Gbegiri is a nutritious, hearty bean stew and a favourite among the Yorubas in Nigeria. The delicious combo that comes with this in bukas (street restaurants), that is, amala and ewedu has placed this delicious bean stew amongst the favourites across Nigeria and beyond. 

The main ingredient for gbegiri is beans. The first choice for most people is the blackeyed beans. However, use any beans you fancy that you can soak and take off the skin. In my family, the honey beans or oloyin in Nigeria was our preferred beans. We used this for moimoi, akara, gbegiri and any recipe that calls for beans. For this recipe, I used already peeled beans. You can find this in any African food shop.

Other ingredients for gbegiri includes palm oil, crayfish, dried fish, iru (locust beans), dried paprika and salt.

As you may have noticed, many of the stews and sauces from Africa, especially from the West and Central parts use palm oil. There has been a lot of negative narratives about palm oil. Palm oil, linked to deforestation, poor working conditions, displacement of communities, the list goes on. For the most part, these negatives are true because of greed and man's inhumanity to man. However, there is another side of the narrative often ignored, and it will be great looking at that other side, from the people where palm oil originated where those negative narratives do not apply. Please check out this post from the Food and Agriculture Organization, and watch the accompanying video, listening to the other side of the narrative before ever you decide to take out palm oil!

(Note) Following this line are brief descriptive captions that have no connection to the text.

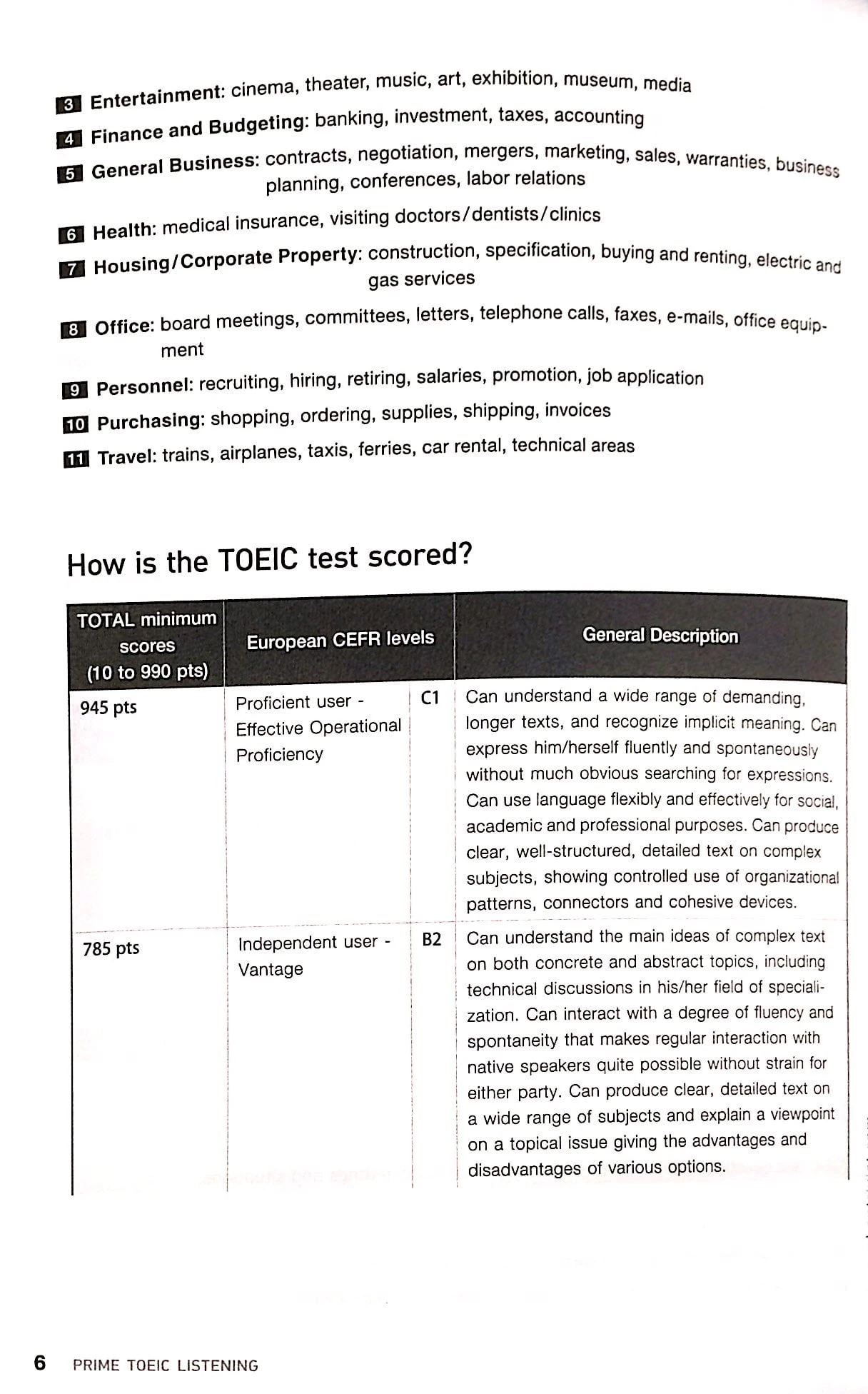 prime toeic listening (+cd)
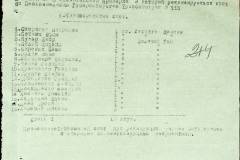 241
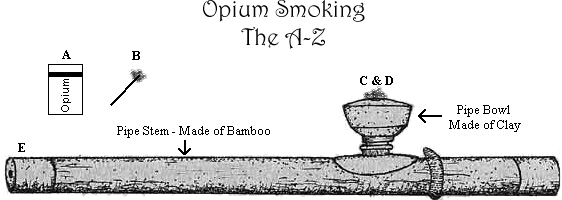 Opium Smoking
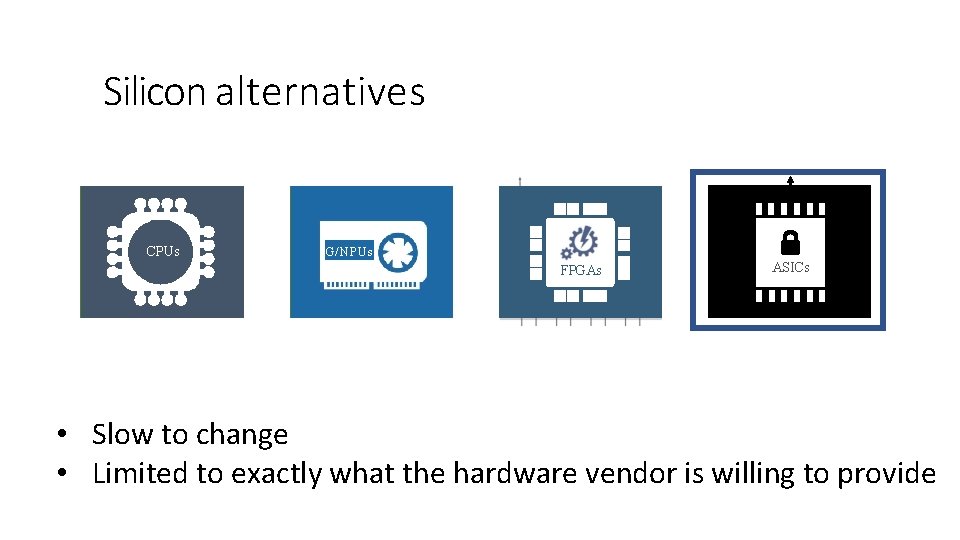 Silicon alternatives + Registers Control Unit CPUs (CU) Arithmetic Logic Unit (ALU) FLEXIBILITY +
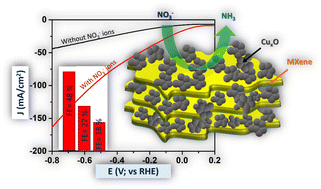 Graphical abstract: In situ growth of copper oxide on MXene by combustion method for electrochemical ammonia production from nitrate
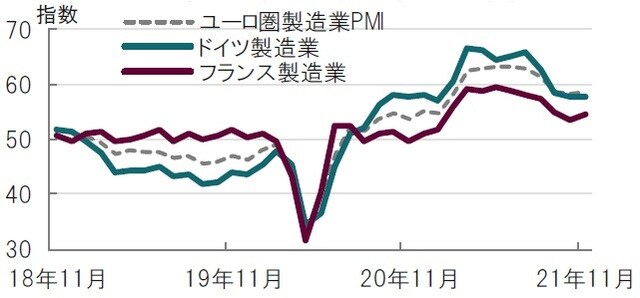 月次、期間：2018年11月～2021年11月（速報値） 出所：ブルームバーグのデータを使用してピクテ投信投資顧問作成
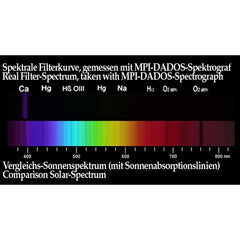 Stackade Calciumfilter 1,25"
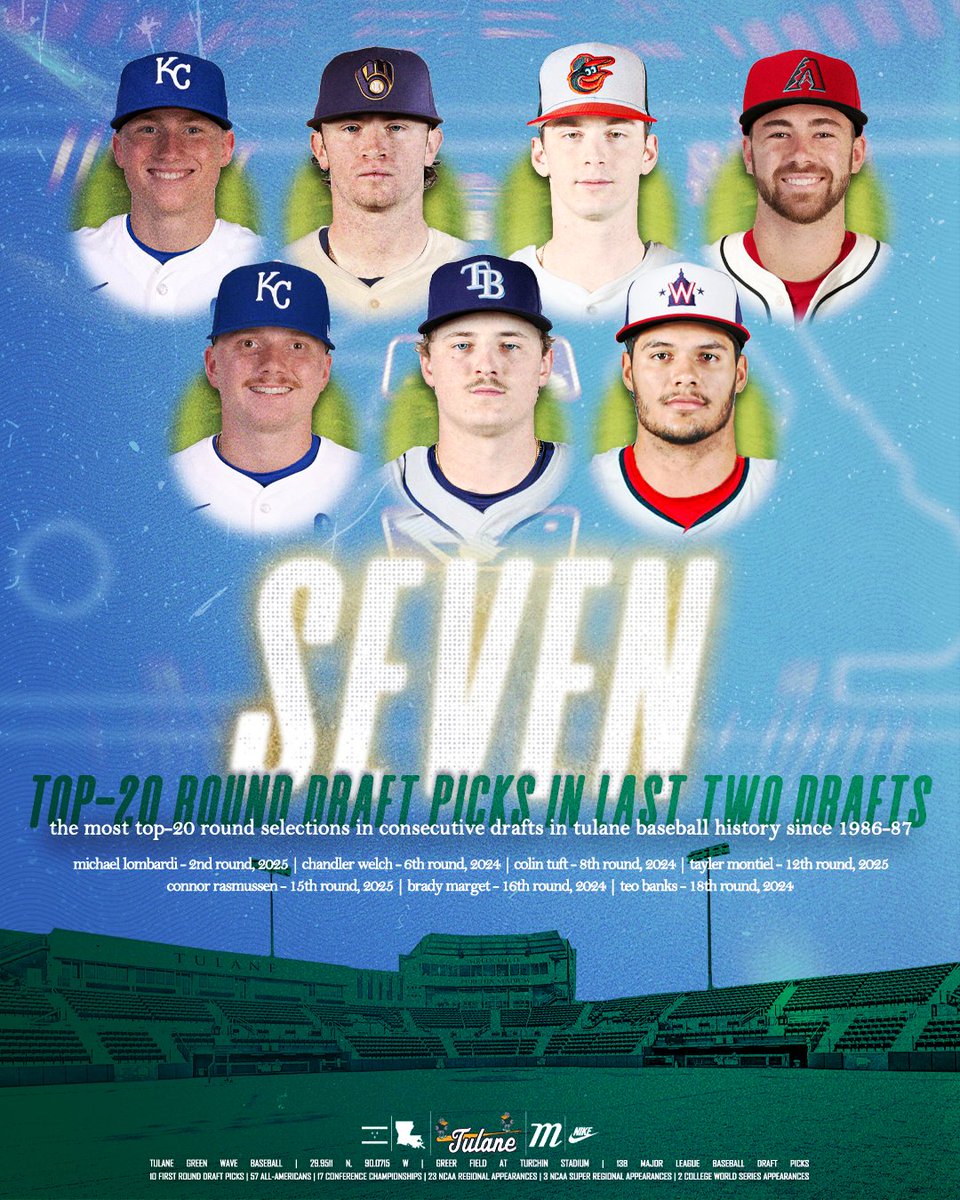 GreenWaveBSB's tweet image. The draft has been good to us these last two years.
#RollWave ๐โพ๏ธ | #ProWave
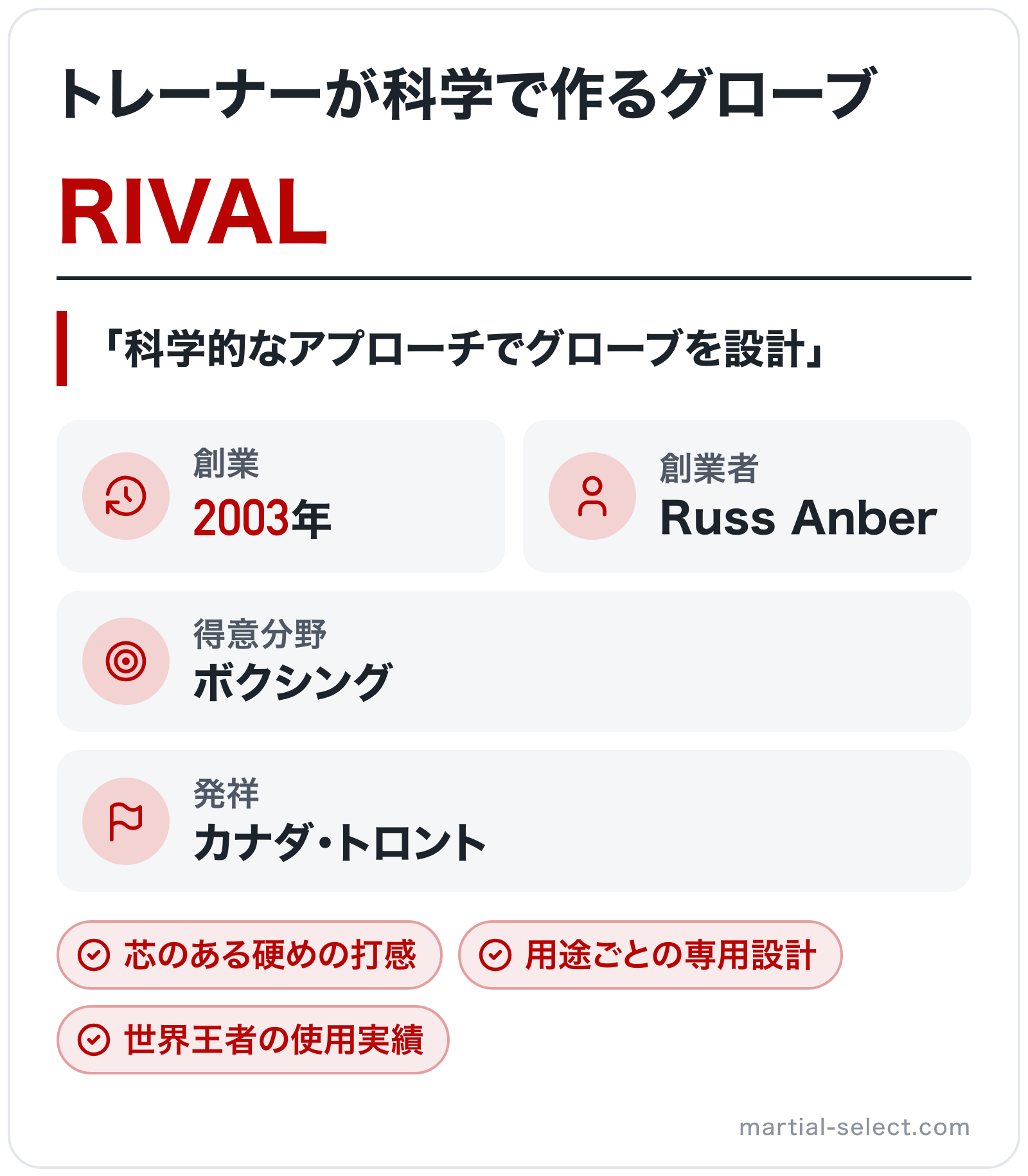 RIVALのブランド概要の図解: 創業=2003年、発祥=カナダ・トロント、創業者=Russ Anber、得意分野=ボクシング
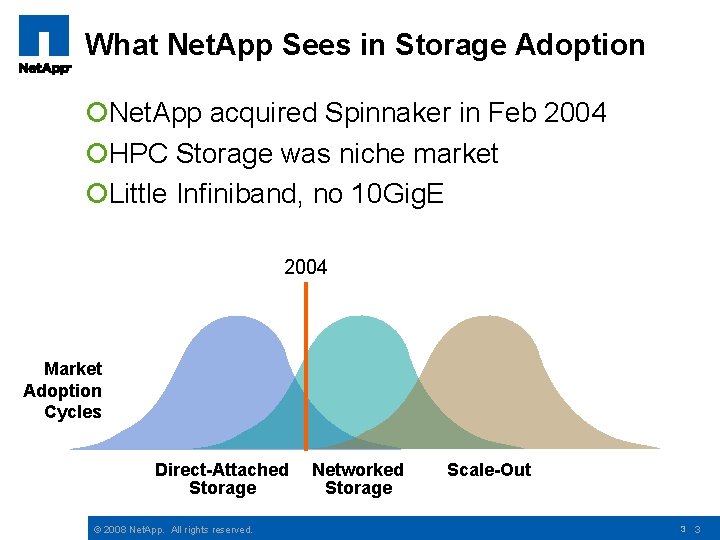 What Net. App Sees in Storage Adoption ¡Net. App acquired Spinnaker in Feb 2004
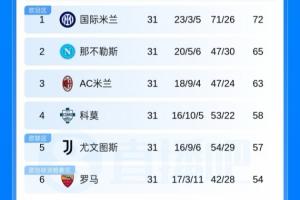 巴西足球队进球时间统计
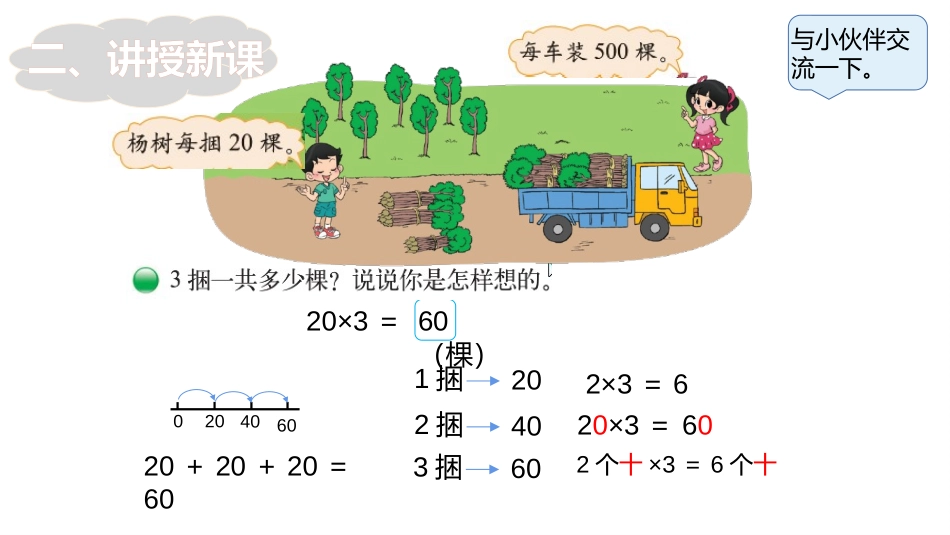 《小树有多少棵》乘与除PPT教学课件[北师大版三年级数学]_第3页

I will write a post on palm oil in the future where all of these issues will be addressed. Like any fat and oil, moderation is the key to a healthy lifestyle.

Gbegiri Recipe

Now, we have come to the best part of any recipe post. The how and what to do section. So, let's start cooking.


Servings: 6

Prep Time: 2 hours

Cooking Time: 30 min


  • 2 cups peeled beans
  • 6 cups of chicken stock or any of choice. Try this is what I follow for most of my African stews.
  • 1/4 cup palm oil
  • 3 tablespoons crayfish
  • 2-3 tablespoons dry and ground chilli pepper of choice
  • salt to taste


Soak beans in about 6 cups of water for an hour.

Drain the water after one hour, rinse in cold water and transfer to a pot with a lid. Pour in the chicken stock or any stock you have and cook over medium-high heat until beans are soft and tender which may take about an hour on the stove or 20minutes in an instant pot.

When beans are tender, transfer to high-speed blender and puree. Then, transfer the beans, back to the pot and cook on a stove. Pour in about half a cup water in a blender to rinse out all the pureed beans, into the pot.

Add all the other ingredients and cook on medium-low heat for about 20 to 25 minutes stirring stew occasionally until bean stew is to your desired consistency. Adjust seasoning and serve with amala. 

Note: You have the option of cooking your meat and fish with this stew however, traditionally, you serve this with tomato stew with meat and fish Bon appetite whichever your choice.

If you are using an instant pot, you may transfer pureed beans and the rest ingredients back into the instant pot and use your slow cooker setting to cook for an hour or two on high.